Sağlık ocağında bedava muayene olup istedikleri her türlü tahlili yaptırıp her seferinde bir torba ilaçla eve döndükleri hâlde… İlaç almak için kuyrukta saatlerce beklemedikleri hâlde… mutsuzlar.
İki taraf da mutsuzları oynuyor
Doktor tarafında da hasta tarafında da bir karış surat, çatık kaşlar…afra-tafra… döver gibi, azarlar gibi, haşlar gibi konuşmalar… sinir geren sorular… asap bozan cevaplar, hatta ‘çemkirmeler’.
Nerede o hastasının gözlerinin içine bakan….moral veren… hastasının
elini tutan… hastasının saçlarını veya yanağını okşayan… gözlüklü, ak saçlı, sevecen doktorlar ? Nerede o gülümseyen, hastanın içini ısıtan babacan tavırlar?
Ve de nerede o doktorunu daha uzaktan gördüğünde ceketinin düğmelerini ilikleyip ayağa kalkan… yürekten saygı duyan hastalar ? Nerede çift sarılı yumurtaları, yoğurdun, sütün…kaymaklısını… doktorunun oğluna ayıran, kovanın en güzel balını doktoru için saklayan… yemeyip yediren, içmeyip içiren fedakâr hastalar, neredeler ?

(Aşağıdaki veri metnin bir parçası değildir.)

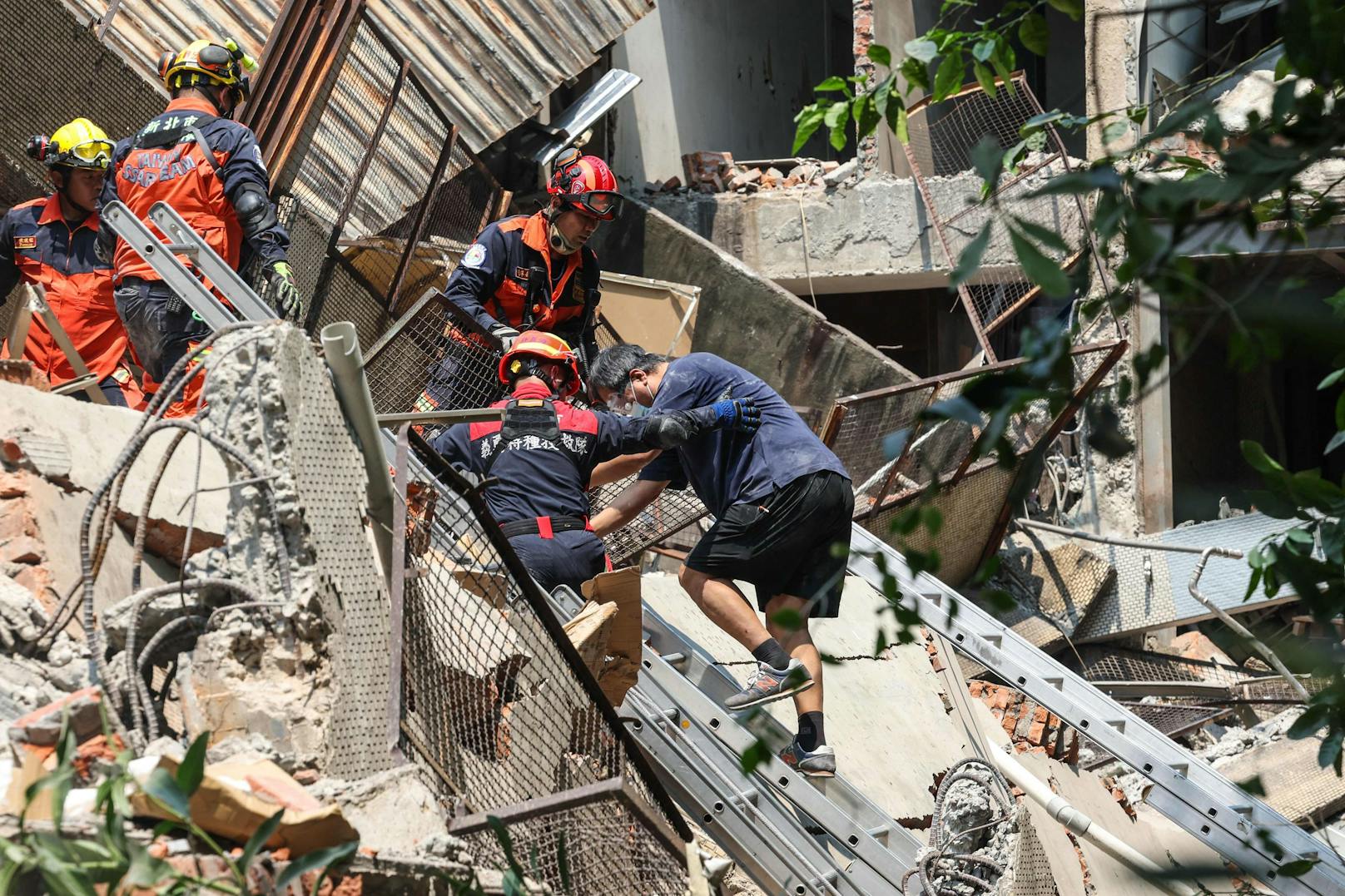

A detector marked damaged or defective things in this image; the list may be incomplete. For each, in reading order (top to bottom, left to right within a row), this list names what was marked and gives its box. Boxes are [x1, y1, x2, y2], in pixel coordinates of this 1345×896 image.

Meslektaşım Prof. Dr. Levent Doğancı Medimagazin isimli dergideki yazısında ne güzel anlatmış olanı biteni:
‘’Bundan on yıl önce bir yakınının ölüm haberini verdiğimizde bize yine de şükranlarını sunan, elimizden geleni yaptığımız için bizlere müteşekkir olan ve üzüntüsünü bize yansıtmaktan utanır bir halde ölüm acısını bile içine gömebilen halk, değişik bir formata sokulmuş maalesef. Yürümeyen, aksayan veya sistem nedeniyle çalışmayan her şeyin sorumluluğu hekimin sırtına yüklenmiş bir halde. Politik kararların uygulanabilirliği olmadan yürürlüğe konulmasıyla oluşan kaosların da sorumluluğu hekimin üstüne yığılıyor. Ve hekim bunalıyor; mesleğinden soğuyor, işinden bir zevk duymuyor ve büyük bir tatminsizlik içinde ruhsal yıkıma doğru yol alıyor “tam yol”.
Derdime bir çare
Sanki doktorlar ve hastalar iki ayrı cephenin elemanları olmuşlar, aralarında sanki ‘düşük yoğunlukta sürekli soğuk bir savaş’ var; hatta zaman zaman resmen ‘sıcak çatışmalar’ bile oluyor. Yumruklar… tekmeler konuşuyor bazen. Bıçaklar, sustalılar çekiliyor… Tabancalara kurşun sürülüyor.
Peki, ama kimdir sorumlusu bu mutsuzluğun ? Nedir sebebi bu çekişmenin ? Pozitivist ve materyalist tıp mı, eğitim eksikliği mi, doktor azlığı mı, teknolojik yetersizlik mi, teknolojinin doktorun yerini alması mı, ilaç ve tıbbi alet endüstrisi mi, iş yoğunluğu mu, yorgunluk mu, alt yapı problemleri mi, kanunlar mı, yönetmelikler mi, bürokrasi mi, sistem mi, iç ve dış mihraklar mı?
Netice şu ki bu mutsuzluk beni korkutuyor. Behemehal sebepleri… sorumluları ve çareleri bulunmalı bu meselenin daha da büyümeden.